Oleh: MUHSIN HARIYANTO (Dosen Tetap FAI-UMY dan Dosen Tidak Tetap STIKES Aisyiyah Yogyakarta)

Sumber:
Majalah SUARA MUHAMMADIYAH nomor : 21/ tahun ke-95/ 1- 15 November 2010.
http://www.lazismu.org/index.php/k2/latest-items-1-column/item/69-mas-priyo-dan-keadilan-yang-tertunda

Kiai Dahlan dan Pencerahan Kemanusiaan

Di tengah praktik hidup hedonis dan korup elit negeri ini, penting dibaca ulang etos gerakan pembaruan di awal Muhammadiyah didirikan Kiai Ahmad Dahlan.
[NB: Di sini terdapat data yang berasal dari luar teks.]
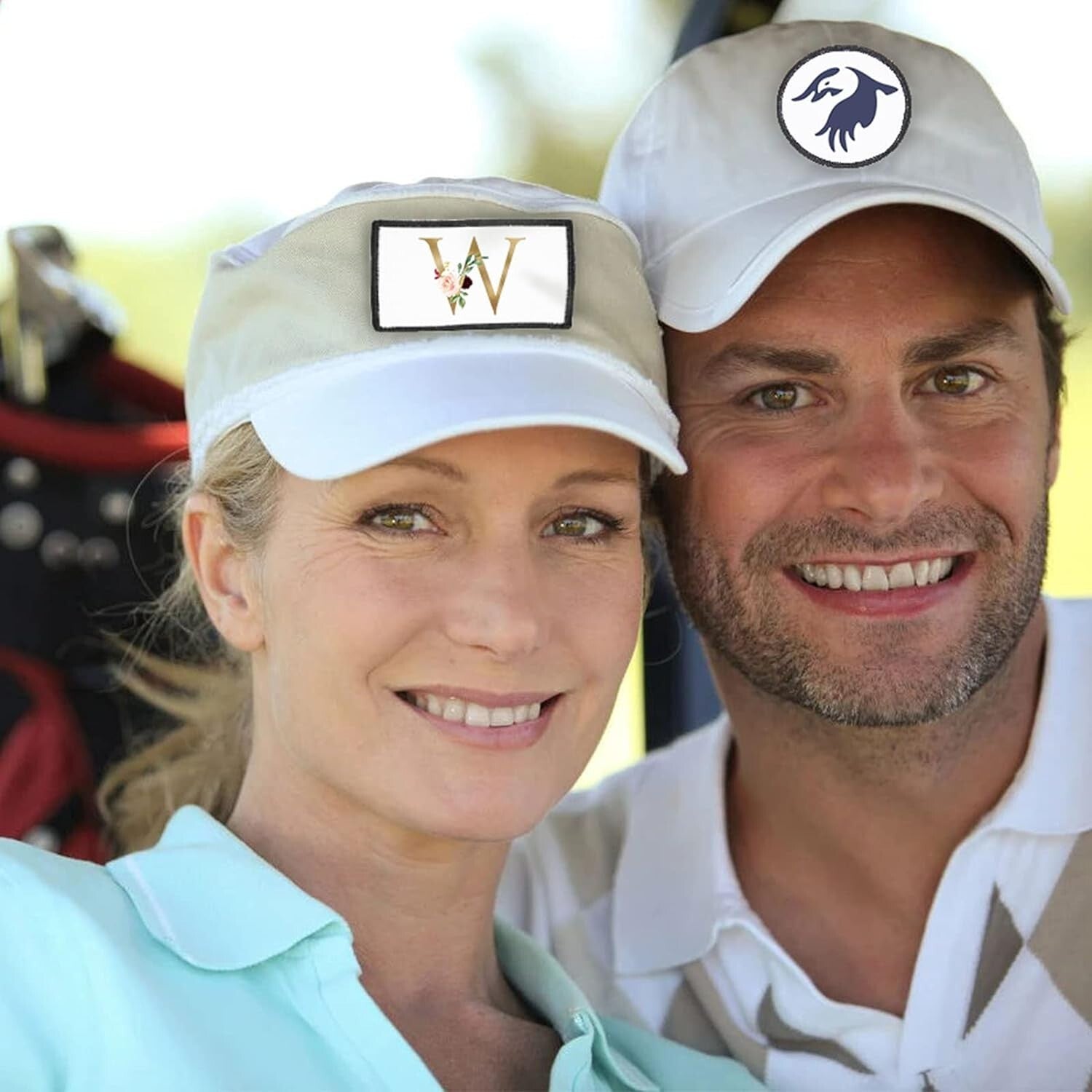 150 Pieces Iron-On DIY Sublimation Patches - Customizable Fun for All Ages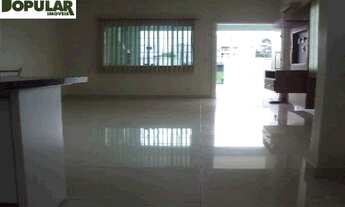 Imagem 5: Casa em alvenaria PALHOÇA - SC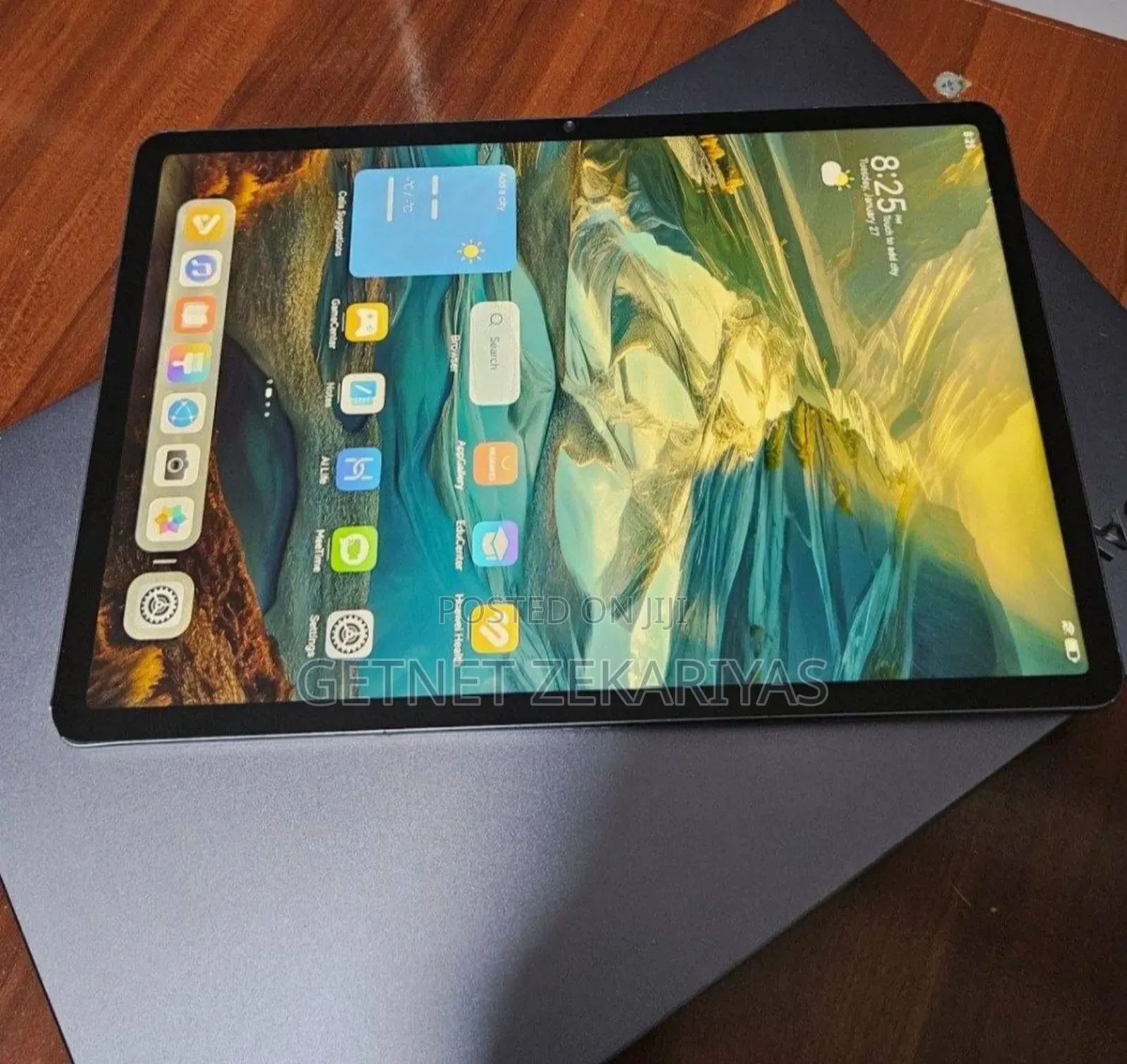 New Huawei MatePad SE 256 GB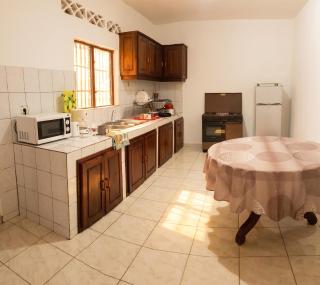 Spacious apartment with sea view in Bandrele, 170 m². - 6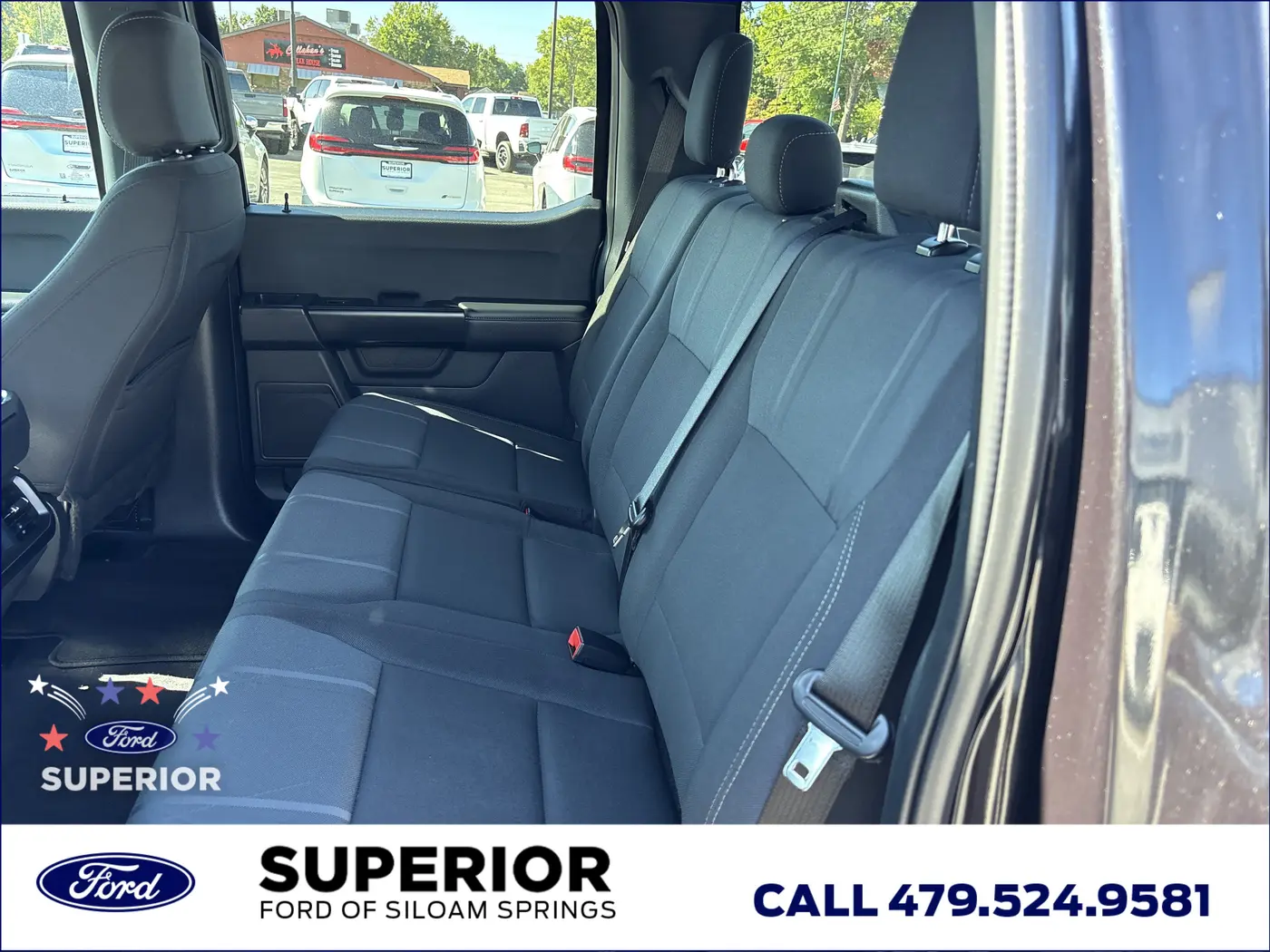 2026 Ford F-150 - $38,412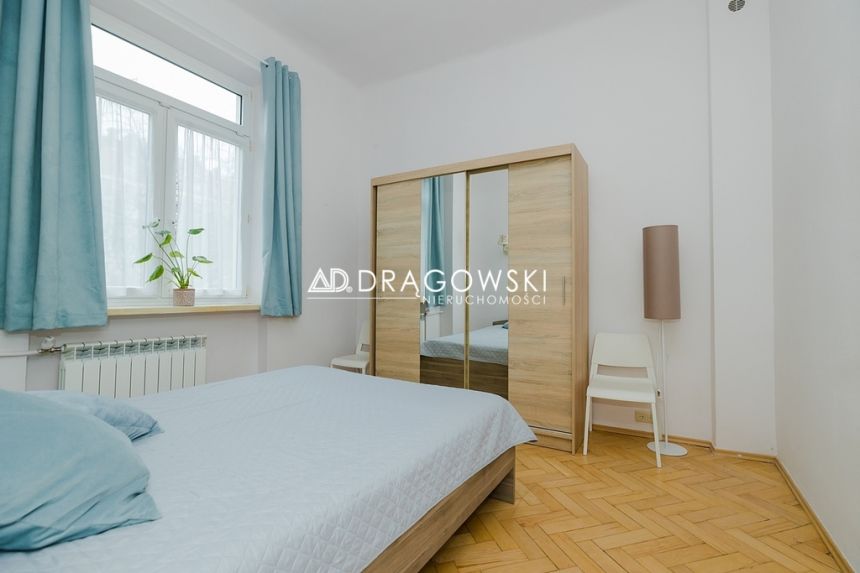 Mieszkanie przy Placu Zbawiciela miniaturka 7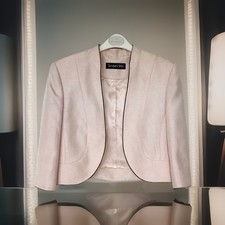 Jacques Vert UK 12 Shantung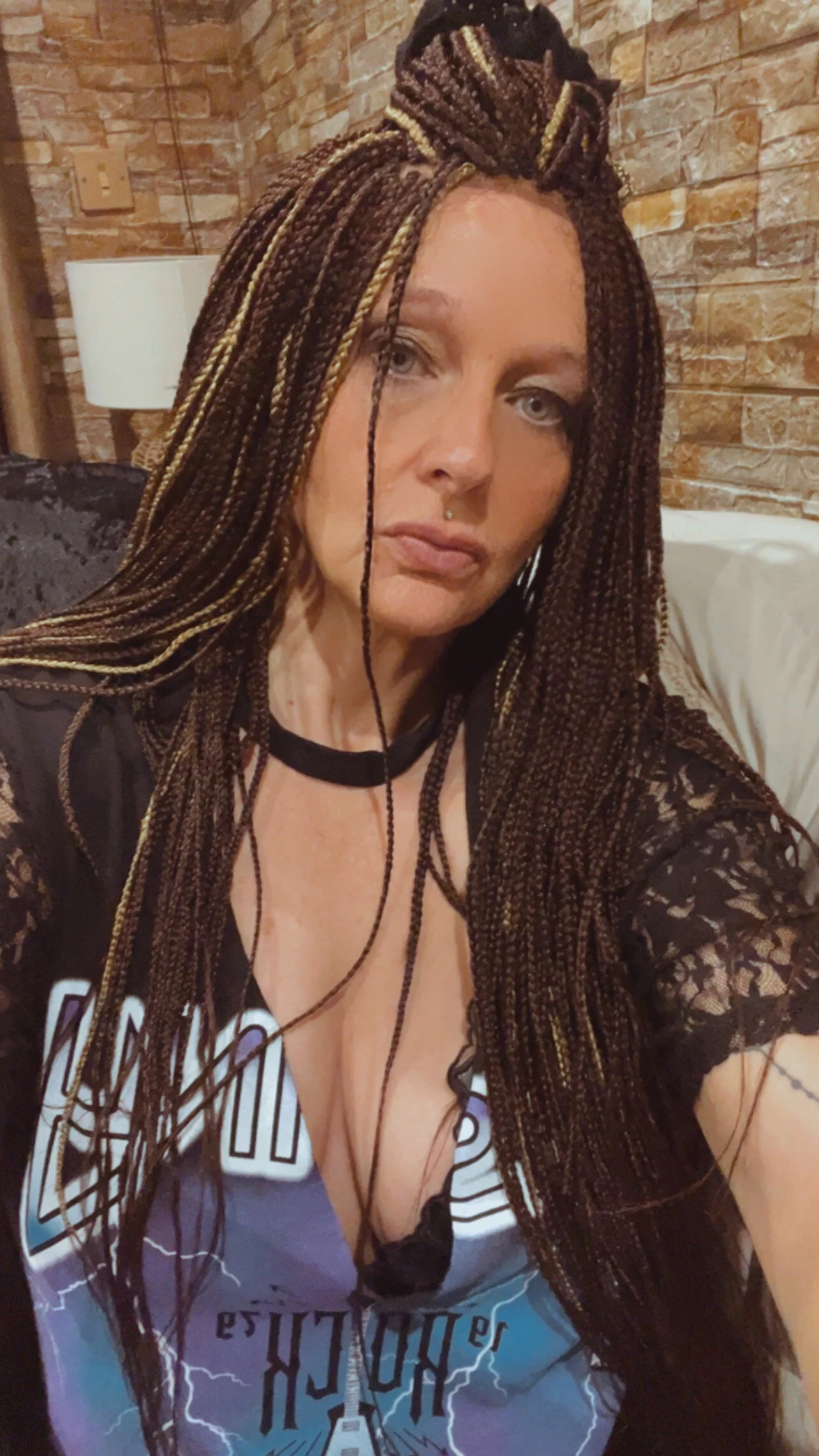 XXX Porn Photo of Nude pixxiexo 4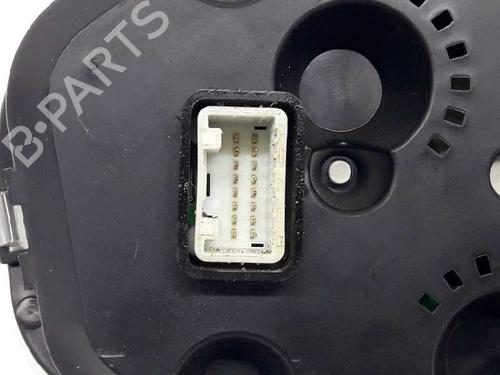 Instrument cluster CHEVROLET AVEO / KALOS Saloon (T250, T255) 1.4 | BP3378150C47 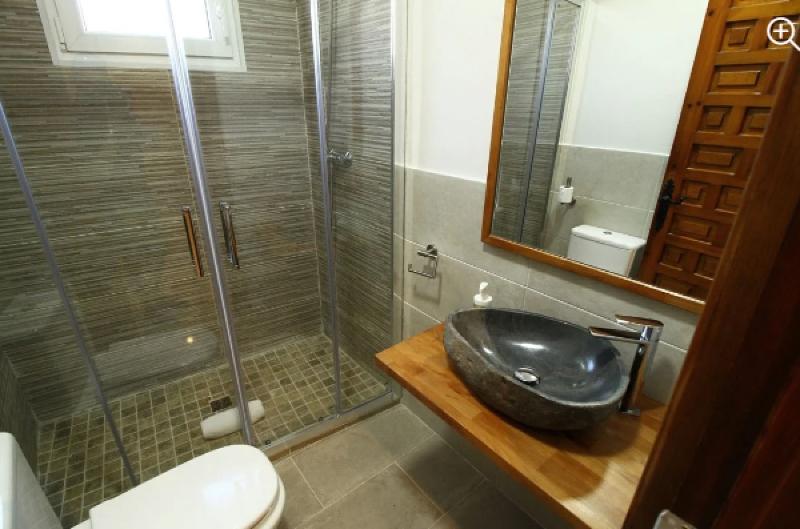 Snö Apartamentos Mont Romies Plaza - Oda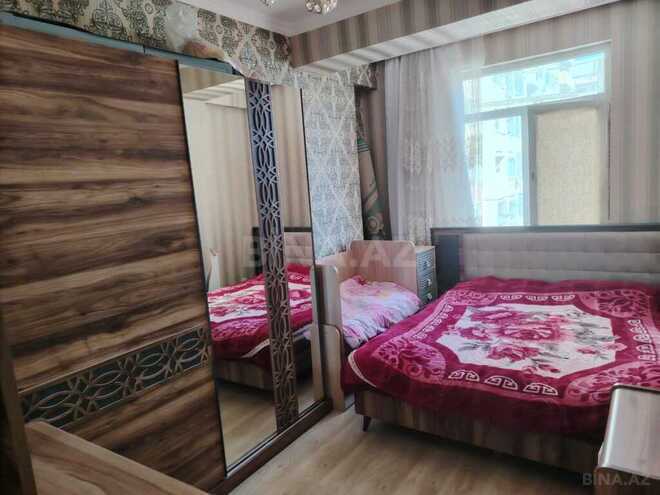 2 otaqlı yeni tikili - Xırdalan - 59 m² (4)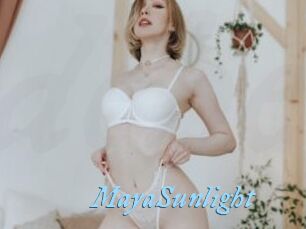 MayaSunlight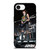 ASKING ALEXANDRIA METALCORE iPhone 16e Case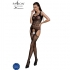 Corpo sexy de lingerie justo e reciclado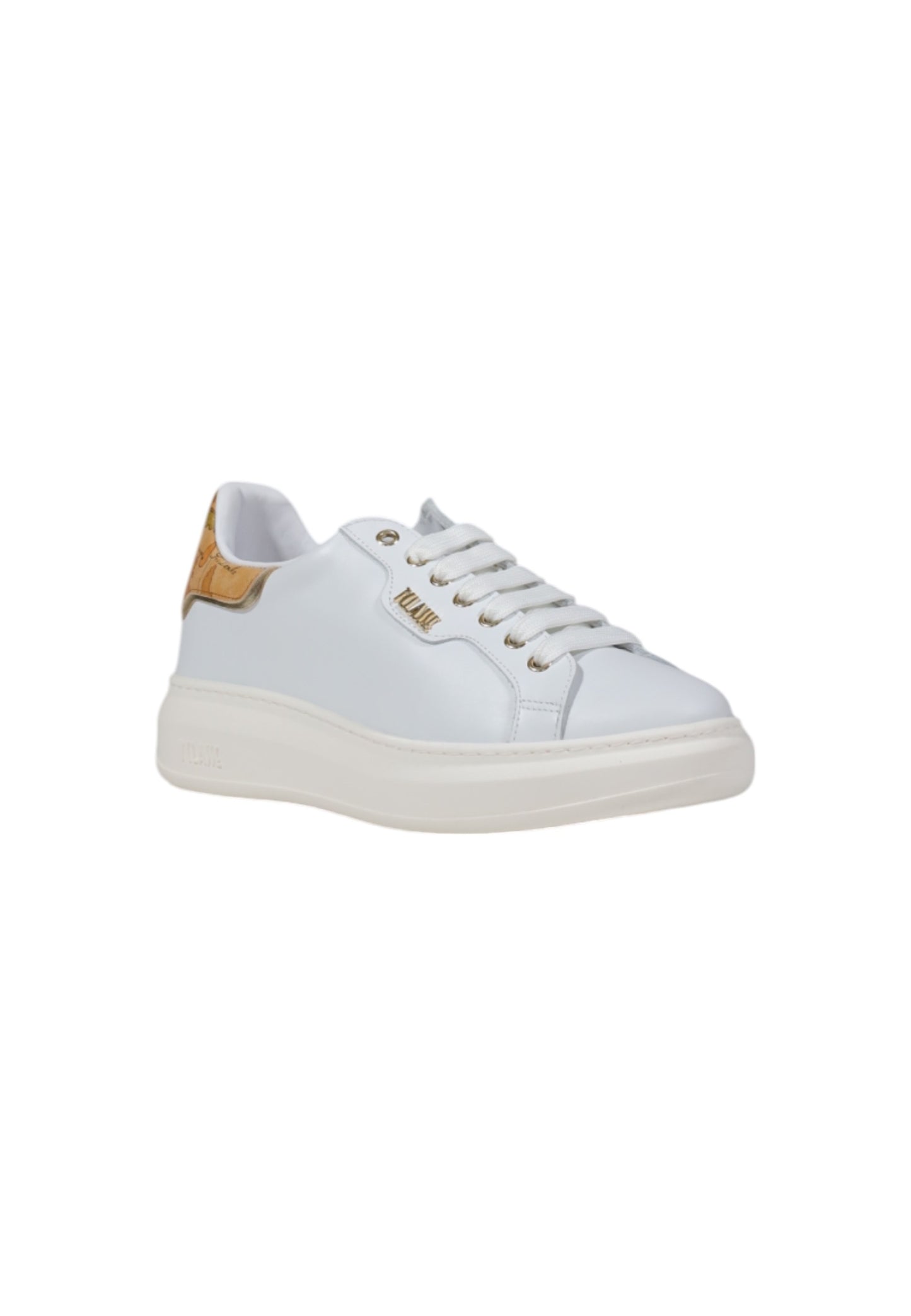 Alviero Martini First Class Women's Sneakers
Hal itu merupakan hasil penafsiran ulang ajaran yang selama ini dipahami publik bagi gerakan pemberdayaan umat, sehingga bebas penderitaan akibat kemiskinan, ketertindasan, dan kepenyakitan. Pengelolaan ibadah yang bersifat publik dirasionalisasi bagi fungsi sosial, ekonomi, dan budaya. Sekurangnya, menempatkan seseorang pada posisi bermartabat atau ngewongke (memanusiawikan orang). Adalah revolusi mental ketika para ndoro dan priyayi (ingat, Kiai Dahlan adalah seorang abdi dalem, hanya beberapa biji se nusantara) menyediakan diri berbagi harta bagi wong cilik.

Tafsir Al-Maa'un melahirkan pembaruan pengelolaan zakat dan fitrah, ibadah korban, hingga infak dan sedekah untuk membiayai aksi-aksi sosial. Kini telah tumbuh sebagai tradisi sosio-ritual umat bersama tradisi ngaji. Di masa lalu, Kiai memulai dengan anjuran agar seorang Muslim memastikan dua sifat utama: menjadi murid, berarti selalu menyediakan diri menimba ilmu pada siapa pun, sekaligus menjadi guru dalam arti selalu sedia mengajarkan ilmu yang dimiliki kepada orang lain. Bersamaan itu dikembangkan program "guru keliling"  yaitu penempatan setiap diri aktivis sebagai penganjur Islam yang terus mencari murid di sembarang tempat dan waktu. Program ini kemudian berkembang menjadi tradisi ngaji bersama rasionalitas ibadah pemberdayaan umat.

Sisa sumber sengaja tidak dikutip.